Visualize the Difference — yosys show

yosys -p "read_verilog pe_if.v; \
          proc; opt; flatten; \
          show -prefix pe_if -format svg" 

Open pe_if.svg and pe_case.svg side by side on the projector. The if/else version is a visibly longer chain; the case version is a fan-in mux.

The key habit: when synthesis surprises you, look at the netlist. The Yosys schematic almost always explains why.

Hardware Verification — ALU

  • Each opcode visible on LEDs? Sweep op through 0..4 with fixed a, b.
  • SUB carry behavior makes sense? 3 - 5 wraps to 0xE in 4-bit unsigned.
  • Bitwise ops give expected pattern? Set a = 4'b1100, b = 4'b1010, check AND/OR/XOR.
  • Undefined opcode = default value? Set op = 3'd7 — should be all-zeros, never X.
The ALU is the smallest design that feels like a processor. Later you'll wrap one in an FSM (Day 7) to sequence operations.

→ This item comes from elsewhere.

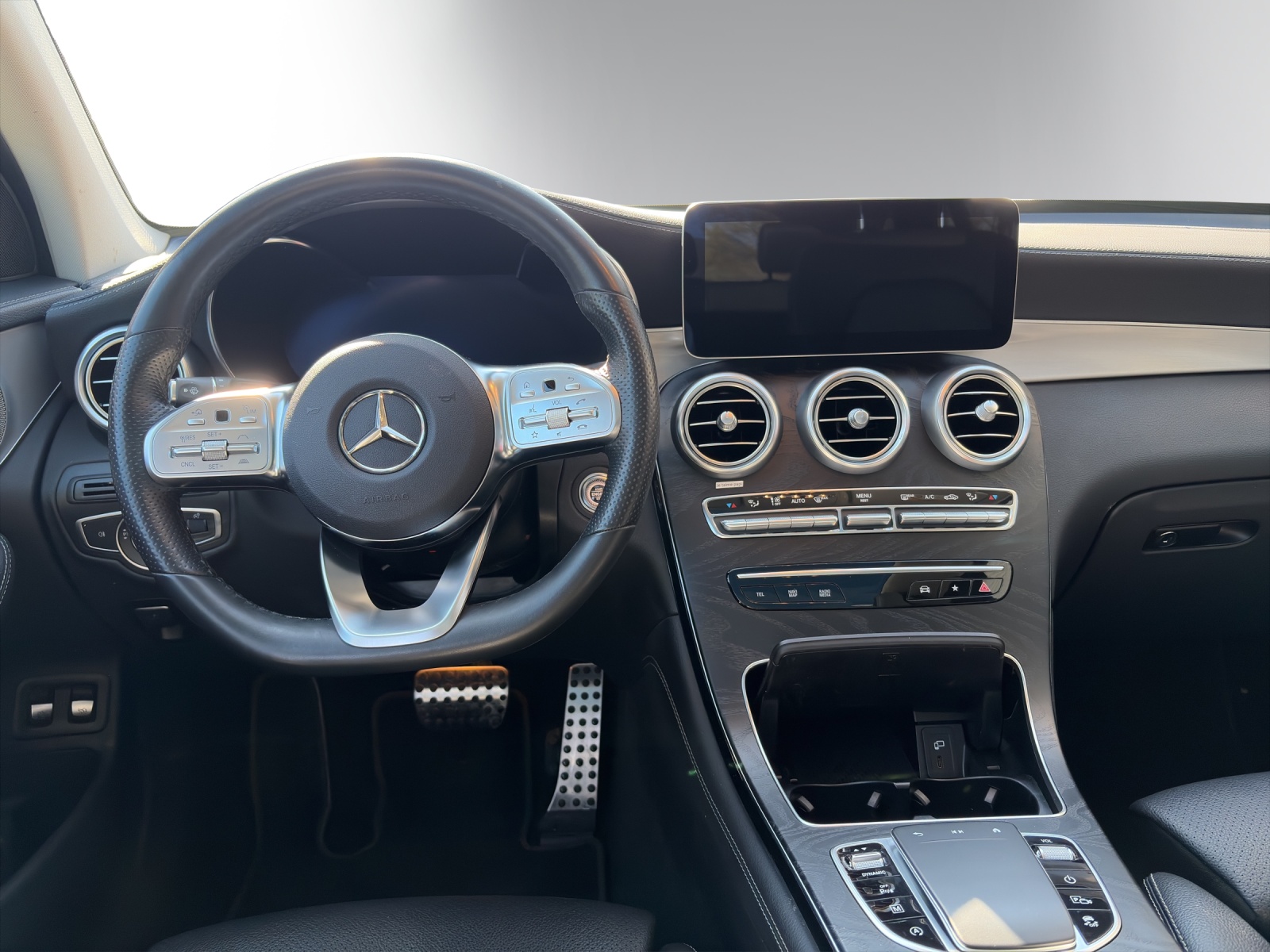 MERCEDES-BENZ GLC 300 AMG Line 4Matic-image-10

▸ Phase 5 of 5  ·  ~10 min

🔗 Transfer

Carry it to Sagrada this afternoon

At Sagrada Família This Afternoon

  • Look up at the columns. Each one is a multi-way branch — Gaudí's physical case statement, splitting load into sub-loads.
  • Look for the catenary models. They're upside-down hanging chains — load goes in, shape comes out, no memory of when. That's combinational.
  • Look at the stained glass. Light in → colored light out. The window has no clock.
  • Bring a photo. One picture per student — we open Day 4 with them on the projector.
Gaudí thought in simultaneous structures. So does HDL. The trip is the textbook.

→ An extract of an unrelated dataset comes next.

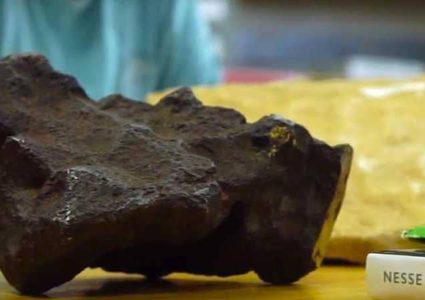 صخرة استخدمت لسنوات كحاجز للأبواب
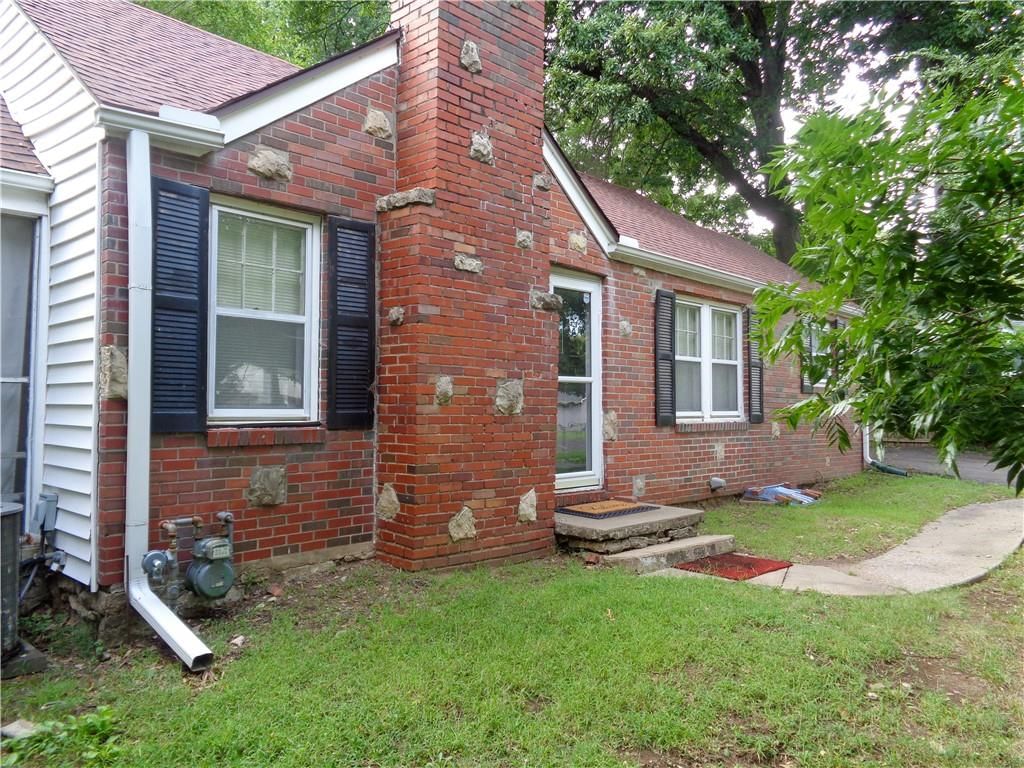 6824 Laurel Avenue — photo 4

Thursday: Montserrat · Friday → Clocked Logic

Thu 5/28 is the Montserrat excursion — no class. Day 4 is Friday 5/29.

Day 4 introduces time: always @(posedge clk), flip-flops, counters, a real blinker from the 25 MHz crystal. This is where you start using <= instead of = — the rule is simple; the reasoning is deep.

Before Friday

  • 📺 Watch the Day 4 video (~50 min) — Thu evening, after Montserrat
  • 📝 Day 4 pre-class quiz
  • 🎨 Bring a Sagrada photo — we open Day 4 with them

🔗 End of Day 3 · Sagrada Família 17:00

No clocks. Just decisions.

You can now build any combinational circuit, detect a latch, and read a Yosys schematic.
After Montserrat, Friday we add a clock — and everything changes.